Under the visible stress of repeatedly lying about and denying unmistakable evidence, Washington Mutual reported its bruising fiscal second quarter 2008 results. Everybody could hear management’s connection to reality snap like a dry twig.

Despite a monumental loss of $3.3B for the quarter, an increase of loan loss reserves to $8B from $5.91, cutting $1B in expenses by the end of 2009, selling off $10B worth of assets to free up roughly $550M in capital, readying $40B in liquidity, and the expectation of as much as $19B in mortgage-related losses before the bloodshed subsides, the dashing CEO said “… we are sufficiently capitalized to manage the crisis.” This is where management makes its clean, psychotic break with reality.

“In the face of unprecedented housing and mortgage market conditions, we are continuing to execute on a comprehensive plan designed to ensure that we have strong capital and liquidity, an appropriately sized expense base and a strong, profitable retail franchise,” CEO Kerry Killinger said in a statement. “Our recent $7.2 billion capital raise, combined with the other proactive steps we have taken this quarter to strengthen our banking franchise and further expense reductions, continue to move us toward achieving these goals.”

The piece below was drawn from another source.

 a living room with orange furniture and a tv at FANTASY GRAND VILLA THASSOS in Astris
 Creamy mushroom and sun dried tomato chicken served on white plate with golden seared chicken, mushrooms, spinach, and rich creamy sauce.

But what is really concerning is the increase in loan loss reserves and the anticipated $19B price tag for the credit binge ingested during the housing bubble. How is WaMu going to cover that? HOW? About the only thing WaMu did right was to announce it had no intentions of raising more capital, because of course they can’t. WaMu raised $7B from a group of institutional investors led by TPG and those shares are below that offering price now.

Who will buy WaMu now? Would you? The reality is that the best the bank can hope for is a continued stock rally and the possibility of selling off some more of its assets. Furthermore, that chunk added to the loan loss reserves speaks louder than words. It says at least half of WaMu’s split personality expects things to get worse.

As if the past quarter wasn’t bad enough:

Total net charge-offs, or loans written off as unpaid, increased to $2.17 billion, while nonperforming assets grew to 3.62 percent of total assets as of June 30, from 2.87 percent at the end of the first quarter.

No amount of denial will prevent the reverberations of a $2.17B thud.

It’s buy-and-holders who invest the most and sell last. It’s for them that WaMu needs to take a cold look at reality and do the hard things that need to be done. Instead it has a split psychosis standing on the edge of insanity daring itself to jump.